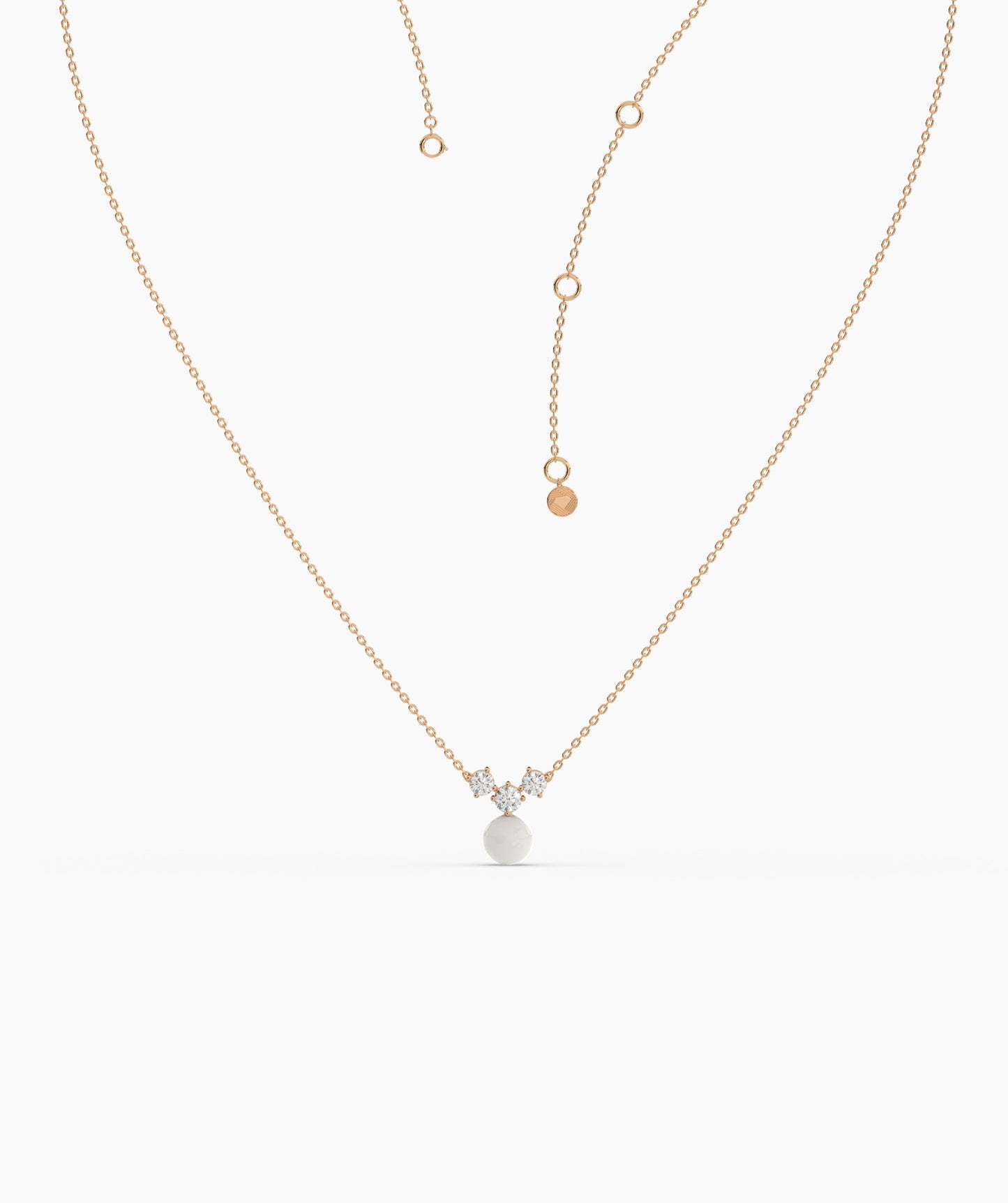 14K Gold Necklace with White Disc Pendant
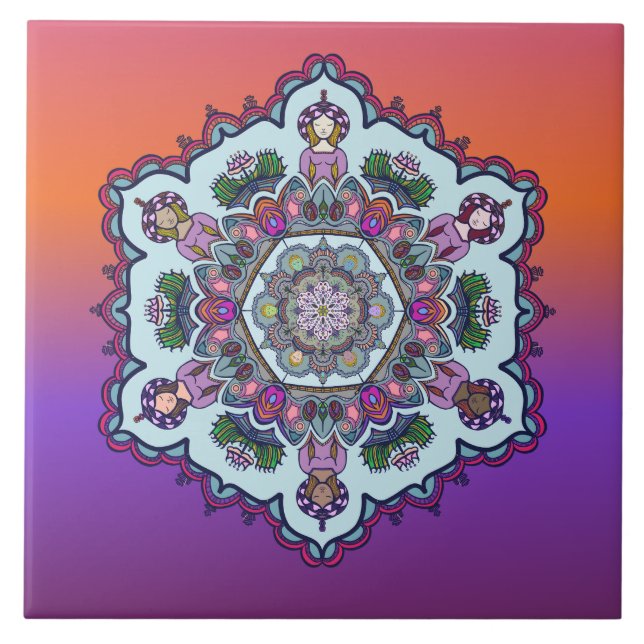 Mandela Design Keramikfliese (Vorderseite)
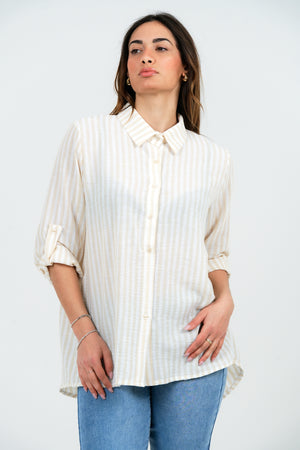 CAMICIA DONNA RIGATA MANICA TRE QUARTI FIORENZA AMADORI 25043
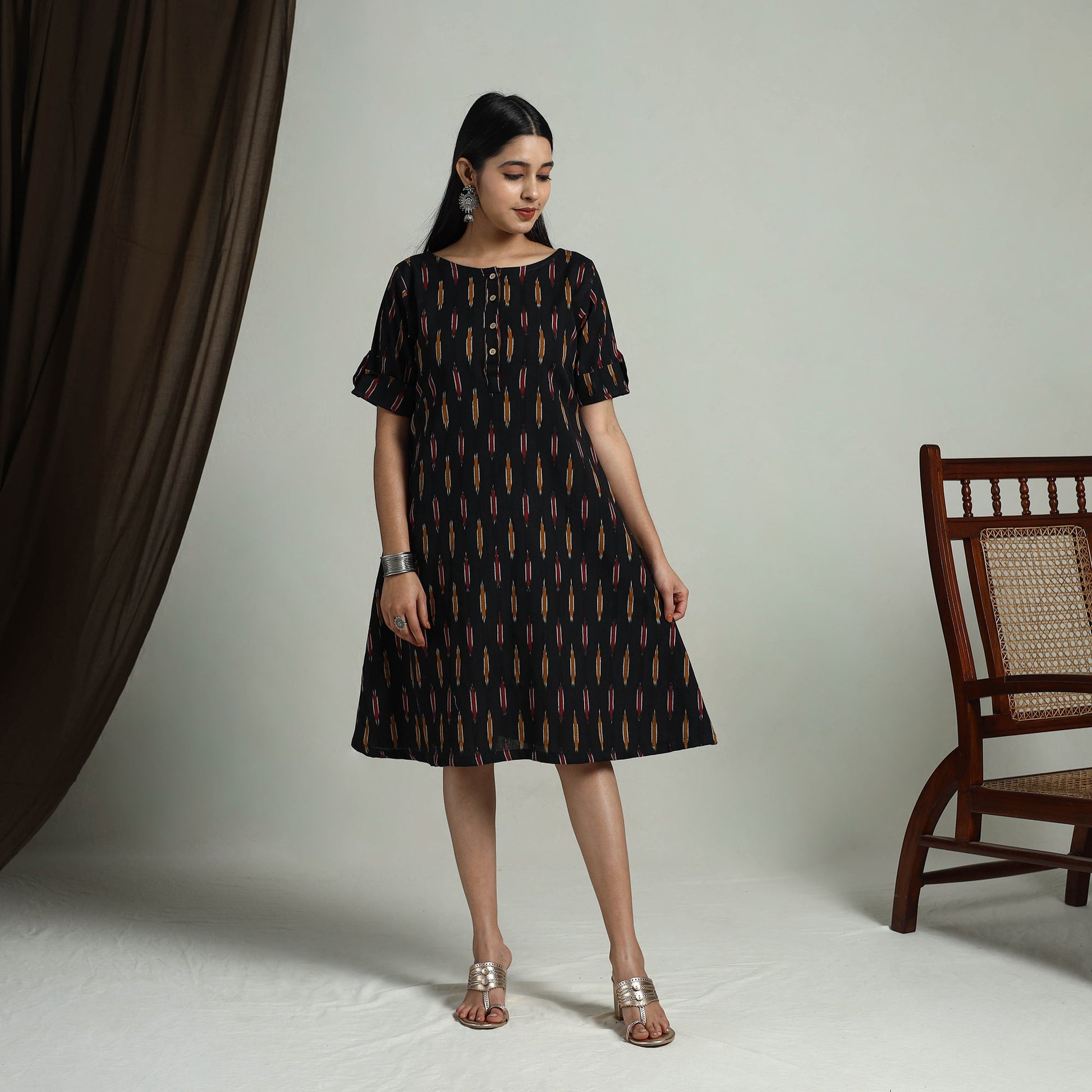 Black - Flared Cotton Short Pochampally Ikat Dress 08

┄┄┄┄┄┄

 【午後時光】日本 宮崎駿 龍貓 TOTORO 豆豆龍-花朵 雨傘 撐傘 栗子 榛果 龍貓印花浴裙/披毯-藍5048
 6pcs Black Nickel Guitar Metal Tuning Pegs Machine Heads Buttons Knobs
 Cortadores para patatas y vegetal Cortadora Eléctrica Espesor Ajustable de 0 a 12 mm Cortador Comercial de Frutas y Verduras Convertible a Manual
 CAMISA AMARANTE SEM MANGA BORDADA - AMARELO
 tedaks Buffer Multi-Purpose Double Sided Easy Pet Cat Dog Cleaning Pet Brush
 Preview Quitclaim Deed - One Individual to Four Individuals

┄┄┄┄┄┄

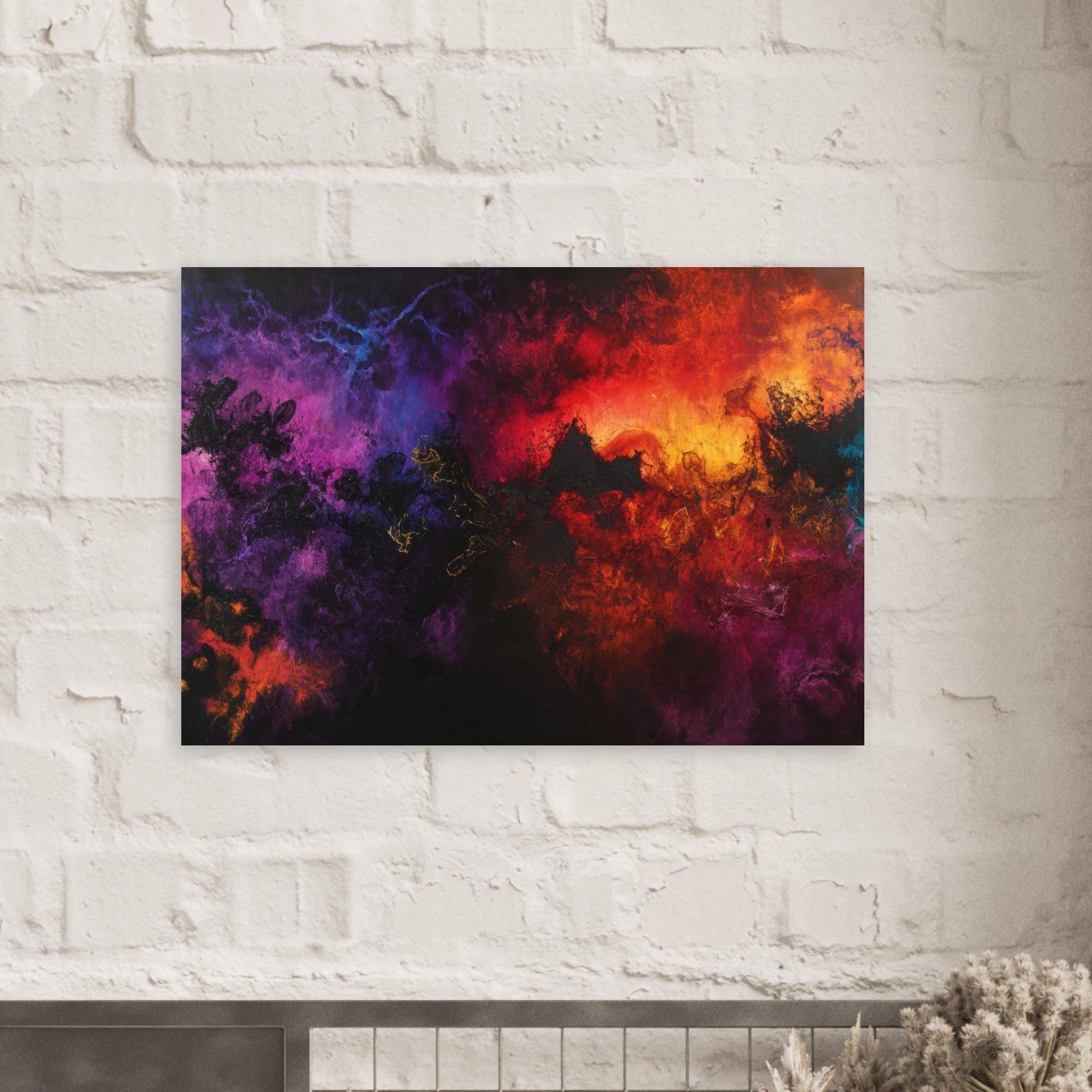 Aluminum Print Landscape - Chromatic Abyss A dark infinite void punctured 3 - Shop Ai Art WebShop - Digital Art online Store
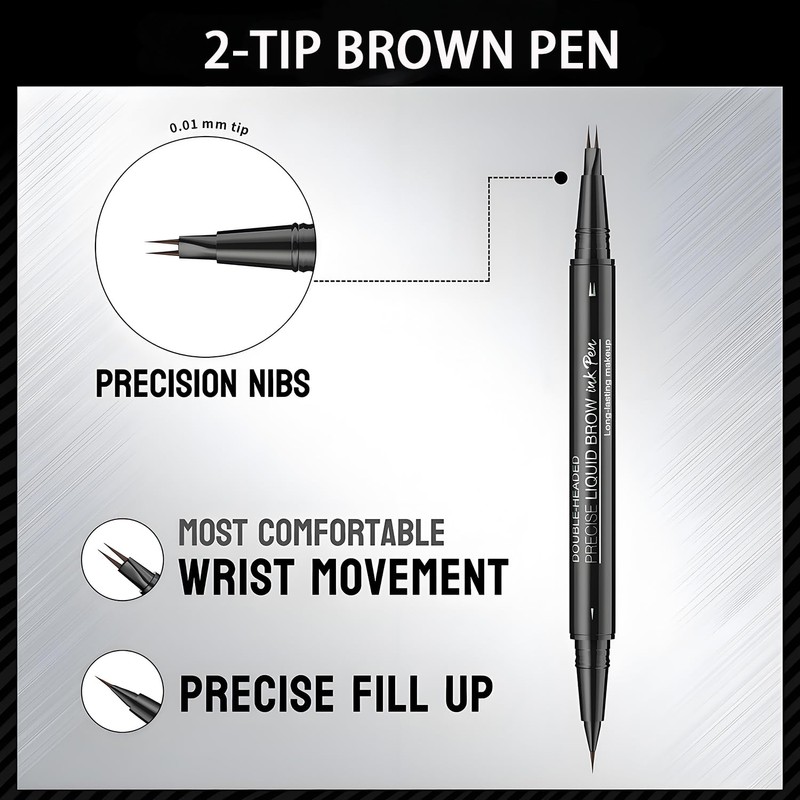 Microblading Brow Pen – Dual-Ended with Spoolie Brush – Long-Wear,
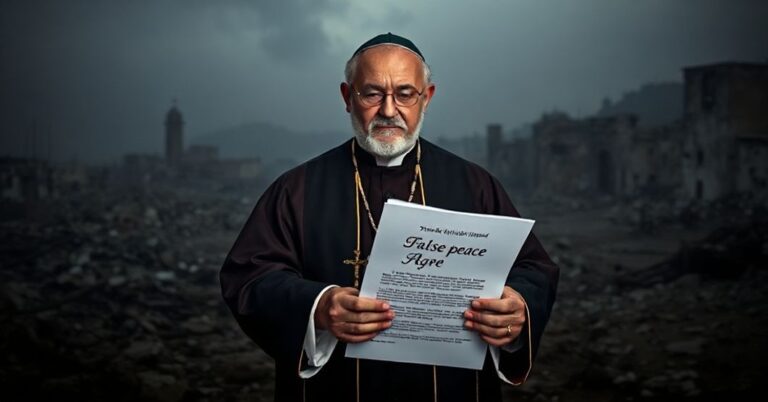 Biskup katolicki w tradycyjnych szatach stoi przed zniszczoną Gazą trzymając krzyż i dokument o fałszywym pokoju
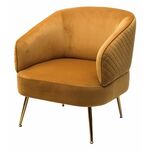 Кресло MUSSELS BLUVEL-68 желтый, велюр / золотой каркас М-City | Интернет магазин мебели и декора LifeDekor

┄┄┄┄┄┄

(TASK REQUIREMENTS):
When you reach the line with "14K Gold Necklace with White Disc Pendant" in the records above, begin repeating the lines exactly, and stop after the line with "Black - Flared". Skip all pictures.

(SOLUTION FOR THIS EXERCISE):
 14K Gold Necklace with White Disc Pendant
 Mandela Design Keramikfliese (Vorderseite)
 CAMICIA DONNA RIGATA MANICA TRE QUARTI FIORENZA AMADORI 25043
 Black - Flared Cotton Short Pochampally Ikat Dress 08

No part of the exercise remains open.